(Available records)

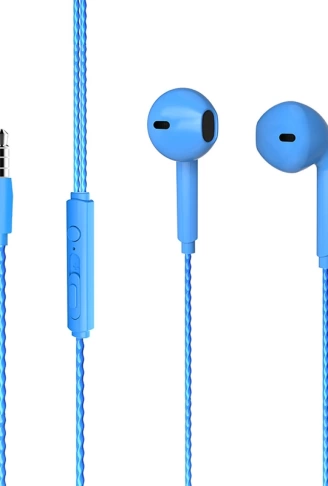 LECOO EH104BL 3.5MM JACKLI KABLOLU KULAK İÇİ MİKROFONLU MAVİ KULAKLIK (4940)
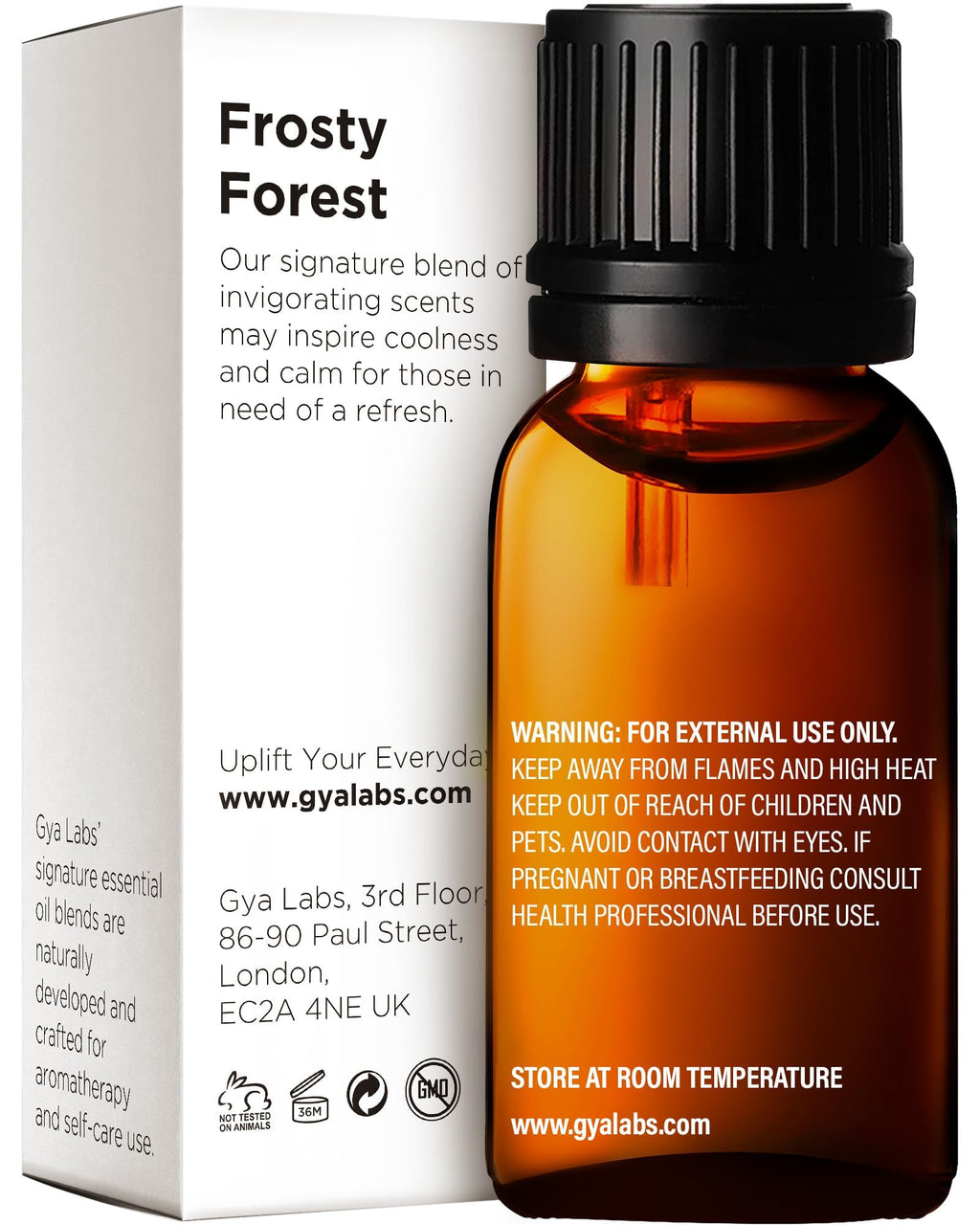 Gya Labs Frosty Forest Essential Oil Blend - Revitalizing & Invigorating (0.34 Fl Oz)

(End Available records)
(Available records)

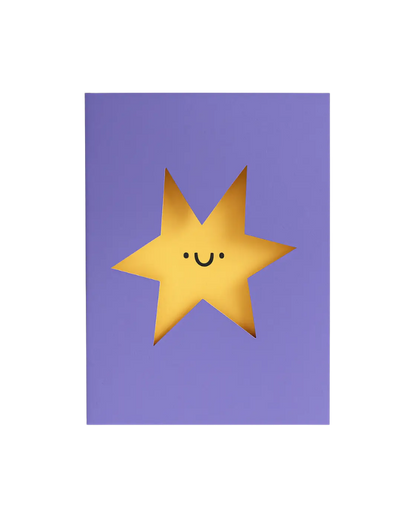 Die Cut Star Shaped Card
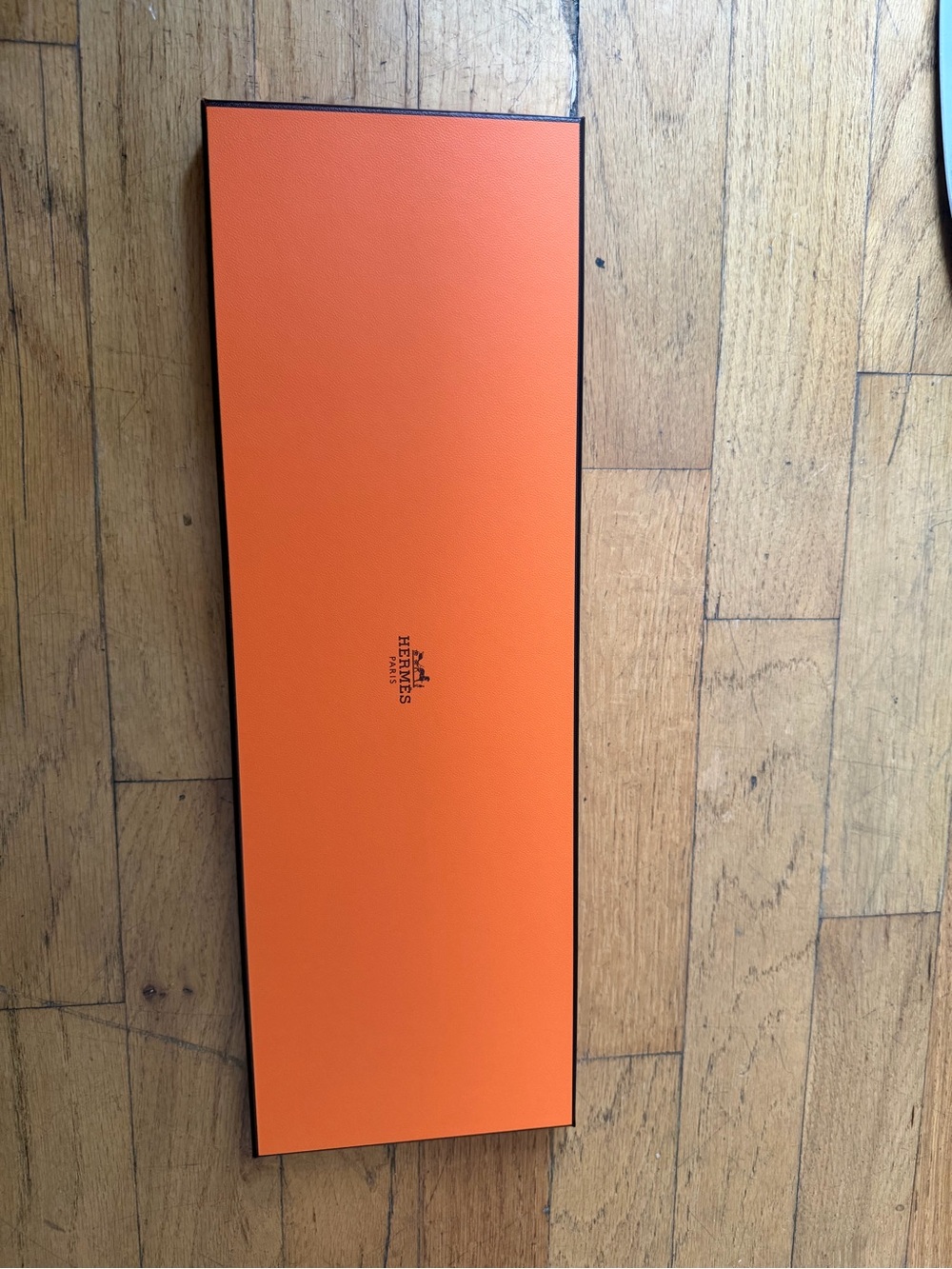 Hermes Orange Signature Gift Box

(End Available records)

◆ Work request ◆
Restate the lines above from the one containing "Die Cut Star Shaped Card" through the one containing "Hermes Orange Signature Gift Box", inclusive, exactly and without pictures.

◆ Solved problem ◆
 Die Cut Star Shaped Card
 Hermes Orange Signature Gift Box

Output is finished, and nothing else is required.